The herd of detractors seeking to skewer CY make the point that it is not the mere presence of a forbidden trellis, unlawful car port roof, proscribed metal gate, prohibited mini-basement and highly criminal garden shed, but the suspected dishonesty. As the Henry-supporting Standard asks: why didn’t he tear them down after the earlier outcries?

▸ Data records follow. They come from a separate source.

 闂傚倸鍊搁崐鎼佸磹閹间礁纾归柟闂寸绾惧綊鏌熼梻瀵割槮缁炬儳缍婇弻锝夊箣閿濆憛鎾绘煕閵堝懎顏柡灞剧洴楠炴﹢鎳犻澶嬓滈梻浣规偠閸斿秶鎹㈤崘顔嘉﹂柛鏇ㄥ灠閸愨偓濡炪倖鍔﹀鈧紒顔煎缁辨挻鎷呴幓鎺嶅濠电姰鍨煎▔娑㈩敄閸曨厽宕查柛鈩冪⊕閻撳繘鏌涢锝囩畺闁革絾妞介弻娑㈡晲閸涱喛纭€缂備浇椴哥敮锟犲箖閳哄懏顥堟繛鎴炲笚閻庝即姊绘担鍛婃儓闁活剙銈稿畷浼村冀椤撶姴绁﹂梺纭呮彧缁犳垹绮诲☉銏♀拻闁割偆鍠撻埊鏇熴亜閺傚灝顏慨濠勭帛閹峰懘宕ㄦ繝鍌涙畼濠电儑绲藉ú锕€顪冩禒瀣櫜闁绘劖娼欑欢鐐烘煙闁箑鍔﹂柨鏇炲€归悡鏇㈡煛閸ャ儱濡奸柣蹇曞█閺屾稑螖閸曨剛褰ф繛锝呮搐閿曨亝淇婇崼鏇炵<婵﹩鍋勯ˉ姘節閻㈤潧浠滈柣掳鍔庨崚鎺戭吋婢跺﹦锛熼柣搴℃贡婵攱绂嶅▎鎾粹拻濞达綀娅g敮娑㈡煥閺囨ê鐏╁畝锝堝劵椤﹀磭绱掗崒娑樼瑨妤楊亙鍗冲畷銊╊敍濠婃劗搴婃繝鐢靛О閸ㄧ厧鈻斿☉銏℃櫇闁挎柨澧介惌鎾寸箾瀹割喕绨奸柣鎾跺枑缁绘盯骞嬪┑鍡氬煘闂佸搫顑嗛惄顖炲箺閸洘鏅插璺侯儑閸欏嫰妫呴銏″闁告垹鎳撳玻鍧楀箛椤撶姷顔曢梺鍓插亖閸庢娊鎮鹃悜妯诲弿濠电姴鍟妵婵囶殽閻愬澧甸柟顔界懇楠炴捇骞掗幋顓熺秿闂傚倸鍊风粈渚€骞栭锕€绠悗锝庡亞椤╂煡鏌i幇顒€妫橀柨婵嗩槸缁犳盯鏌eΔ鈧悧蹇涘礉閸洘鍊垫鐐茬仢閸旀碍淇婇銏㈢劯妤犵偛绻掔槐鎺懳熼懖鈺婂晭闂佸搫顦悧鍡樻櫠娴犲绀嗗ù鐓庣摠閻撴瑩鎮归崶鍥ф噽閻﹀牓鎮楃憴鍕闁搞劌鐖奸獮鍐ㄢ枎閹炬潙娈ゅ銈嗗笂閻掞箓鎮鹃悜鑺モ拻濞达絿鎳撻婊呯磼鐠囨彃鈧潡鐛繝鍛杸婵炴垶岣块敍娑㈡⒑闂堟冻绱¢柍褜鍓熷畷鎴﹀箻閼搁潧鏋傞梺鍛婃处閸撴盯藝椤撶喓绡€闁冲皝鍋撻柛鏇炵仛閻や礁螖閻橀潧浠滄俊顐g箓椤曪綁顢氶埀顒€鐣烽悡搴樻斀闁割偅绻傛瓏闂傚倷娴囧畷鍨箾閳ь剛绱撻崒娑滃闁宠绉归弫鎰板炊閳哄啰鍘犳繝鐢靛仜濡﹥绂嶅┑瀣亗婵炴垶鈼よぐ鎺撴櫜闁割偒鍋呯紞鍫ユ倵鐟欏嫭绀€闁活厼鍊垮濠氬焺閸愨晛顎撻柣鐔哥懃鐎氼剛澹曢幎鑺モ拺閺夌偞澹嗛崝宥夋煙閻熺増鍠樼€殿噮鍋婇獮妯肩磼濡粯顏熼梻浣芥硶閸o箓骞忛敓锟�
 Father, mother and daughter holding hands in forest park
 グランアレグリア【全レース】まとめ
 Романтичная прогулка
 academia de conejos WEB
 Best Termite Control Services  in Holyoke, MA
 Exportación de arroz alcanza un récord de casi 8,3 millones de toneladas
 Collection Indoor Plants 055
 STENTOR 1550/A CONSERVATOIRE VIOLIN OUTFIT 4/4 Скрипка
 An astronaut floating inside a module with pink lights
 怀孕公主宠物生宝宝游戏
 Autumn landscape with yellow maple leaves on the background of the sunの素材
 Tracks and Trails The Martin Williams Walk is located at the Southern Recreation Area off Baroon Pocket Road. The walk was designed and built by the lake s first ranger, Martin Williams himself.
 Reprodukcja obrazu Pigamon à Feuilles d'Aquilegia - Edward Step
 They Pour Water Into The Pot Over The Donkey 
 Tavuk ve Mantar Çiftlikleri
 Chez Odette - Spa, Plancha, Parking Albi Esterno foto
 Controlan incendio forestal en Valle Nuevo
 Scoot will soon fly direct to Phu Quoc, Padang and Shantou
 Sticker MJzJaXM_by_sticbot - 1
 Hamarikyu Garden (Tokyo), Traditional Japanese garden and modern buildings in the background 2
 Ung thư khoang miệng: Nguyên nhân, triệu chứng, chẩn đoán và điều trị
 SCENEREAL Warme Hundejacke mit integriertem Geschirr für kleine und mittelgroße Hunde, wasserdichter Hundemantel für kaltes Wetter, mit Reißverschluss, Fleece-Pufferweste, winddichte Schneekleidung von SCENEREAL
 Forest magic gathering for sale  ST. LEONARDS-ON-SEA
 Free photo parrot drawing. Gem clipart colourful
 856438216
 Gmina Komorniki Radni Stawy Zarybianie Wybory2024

There is only one logical answer, and that is that he honestly had no idea they were illegal. Otherwise, not being stupid, and realizing that enemies would use anything they could against him, he would have removed them in a flash, reputation barely grazed. It would insult our intelligence as well as his to suggest that he would think, “Gosh, I really like that highly visible illegal trellis – I think I’ll just keep quiet about it and hope I get away with it.” He knows what an unauthorized basement can lead to, yet he let a police security detail use his. You don’t do that unless you are genuinely oblivious that there is a problem. Unlike Henry’s luxury subterranean palace, CY’s illicit structures are of marginal utility; his family wouldn’t miss them, and they would have been easy to remove.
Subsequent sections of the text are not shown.